The National Association of State Chief Information Officers (NASCIO) is pleased to announce the release of its new issue brief "IT Governance and Business Outcomes - A Shared Responsibility between IT and Business Leadership".
This issue brief presents a new environment where information technology must be managed as a business capability for achieving business transformation. This publication is the introduction to a forthcoming series on governance. The governance challenge was ranked as one of the top ten priorities of state CIOs in a survey of the states conducted in October of 2007. This issue brief is available at: www.nascio.org/publications.
"Governance is indeed a priority for the state CIO," said South Carolina CIO Jim Bryant, PhD, co-chair of NASCIO's Enterprise Architecture Committee. "We're presenting this foundational publication and will publish in additional areas such governance of knowledge / information assets, and services. In this first issue brief we are making a strong recommendation for ongoing engagement of the state agency business executive. Investments in technology must achieve business outcomes. We can't make that happen without full participation from our business partners. Investments in information technology can have very broad reach. Part of proper governance is taking account of that reach and ensuring those who are affected have a seat at the table."
Governance requires frameworks and processes - but most important is the involvement of stakeholders.

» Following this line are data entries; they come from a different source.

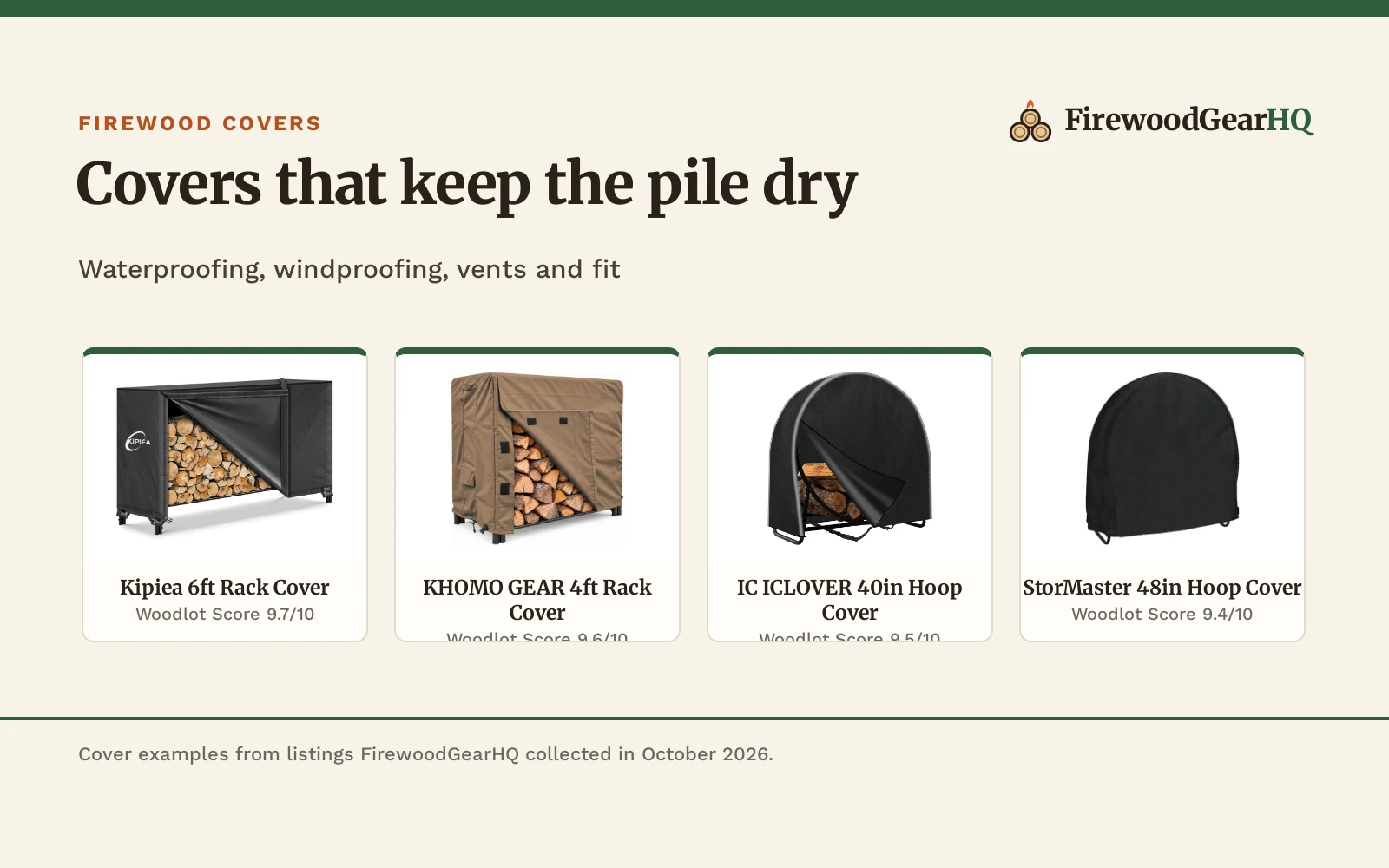 Best Firewood Cover for Rainy Climates (2026)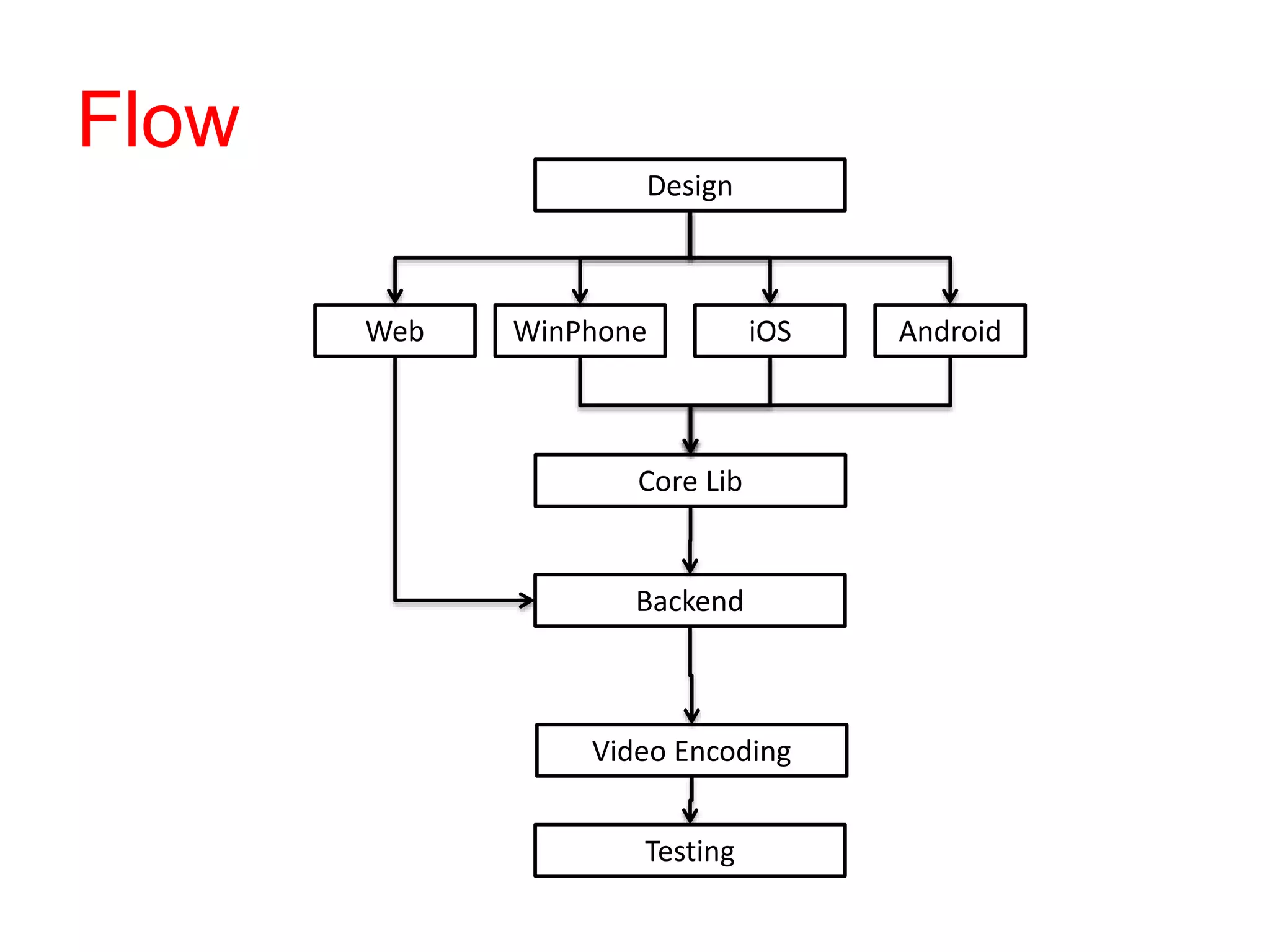 Flow
Design
Web
Core Lib
Backend
Video Encoding
iOS AndroidWinPhone
Testing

"We present the concept of decision rights and performance metrics," said Utah CIO Stephen Fletcher, co-chair of NASCIO's Enterprise Architecture Committee. "All of these mechanisms that comprise governance only exist in order to achieve the tangible business outcomes of the state and its agencies. Our business partners - that is, the agency business executive directors are the leaders in their respective area that define what success looks like. Enterprise architecture, program and project management, balanced scorecard and other disciplines are employed only to reach those outcomes. Performance metrics must therefore be defined in collaboration with our business partners. In the end, it is people that make things happen. Governance will not be effective without business owners and other stakeholders taking part in the process and being accountable for the outcomes achieved."